4. Tested in the light of the principles laid down in the decisions referred to above, there can be little doubt that in the present case the action taken by the 1st respondent for reopening the petitioner's assessment for the year 1964-65 was fully within the scope of the powers conferred on him under Section 147(b) of the Income-tax Act. At the time when the original assessment as per exhibit P-1 was made, in computing the assessee's business income from the manufacture of tea the Income-tax Officer had proceeded on an assumption that in respect of the entire amount covered by the assessee's claim for deduction in respect of provident fund contributions paid on behalf of its employees the legal liability for payment had accrued during the previous year itself. Subsequently, it came to the knowledge of the Income-tax Officer that out of the said amount, a sum of Rs. 20,336 represented payments made by the company towards arrears of provident -fund contributions relating to earlier years, the legal liability for which had arisen during those prior years and not during the relevant accounting period. This constituted ' information ' in the possession of the assessing authority, in consequence of which he had reason to believe that income chargeable to tax had escaped assessment for the year 1964-65 and, hence, the jurisdictional conditions for the exercise of the powers under Section 147(b) of the Act were fully satisfied.
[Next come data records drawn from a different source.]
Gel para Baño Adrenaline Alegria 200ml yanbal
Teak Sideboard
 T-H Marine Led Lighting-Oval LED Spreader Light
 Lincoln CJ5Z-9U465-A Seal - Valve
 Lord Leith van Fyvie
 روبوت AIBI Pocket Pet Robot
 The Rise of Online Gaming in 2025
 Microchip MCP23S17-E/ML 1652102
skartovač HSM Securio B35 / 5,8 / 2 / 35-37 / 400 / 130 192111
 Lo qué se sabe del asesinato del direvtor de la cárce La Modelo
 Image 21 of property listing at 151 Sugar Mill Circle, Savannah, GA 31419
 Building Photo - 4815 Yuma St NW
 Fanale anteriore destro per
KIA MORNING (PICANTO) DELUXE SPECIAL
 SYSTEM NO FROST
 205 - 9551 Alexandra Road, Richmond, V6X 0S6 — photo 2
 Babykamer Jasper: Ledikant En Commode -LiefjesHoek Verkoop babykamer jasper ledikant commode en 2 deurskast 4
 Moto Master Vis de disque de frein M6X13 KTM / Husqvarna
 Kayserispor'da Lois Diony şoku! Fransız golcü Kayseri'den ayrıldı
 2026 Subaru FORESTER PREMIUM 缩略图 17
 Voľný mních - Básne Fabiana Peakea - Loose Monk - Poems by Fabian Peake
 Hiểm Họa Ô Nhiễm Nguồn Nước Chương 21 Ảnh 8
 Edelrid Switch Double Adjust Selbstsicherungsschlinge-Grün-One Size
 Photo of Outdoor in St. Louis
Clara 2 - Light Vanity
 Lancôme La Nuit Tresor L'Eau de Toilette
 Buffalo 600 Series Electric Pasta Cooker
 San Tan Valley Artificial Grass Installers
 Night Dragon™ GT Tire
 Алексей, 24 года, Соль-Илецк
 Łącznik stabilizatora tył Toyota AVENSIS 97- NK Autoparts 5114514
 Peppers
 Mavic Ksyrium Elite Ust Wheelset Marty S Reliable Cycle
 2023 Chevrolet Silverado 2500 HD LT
5. It is not disputed by the petitioner that, as a matter of fact, the amount of Rs. 20,336 referred to in exhibit P-2 represents the payments made by the company during the accounting year towards arrears of provident fund contributions due for earlier periods, the legal liability for which had accrued during those prior years. It is, therefore, clear that the deduction allowed in respect of the said amount in exhibit P-1 was manifestly erroneous and that income chargeable to tax had escaped assessment.
6. The orders, exhibits P-2 and P-4, do not, therefore, call for any interference by this court under article 226 of the Constitution. The original petition fails and is dismissed, but in the circumstances I direct the parties to bear their respective costs.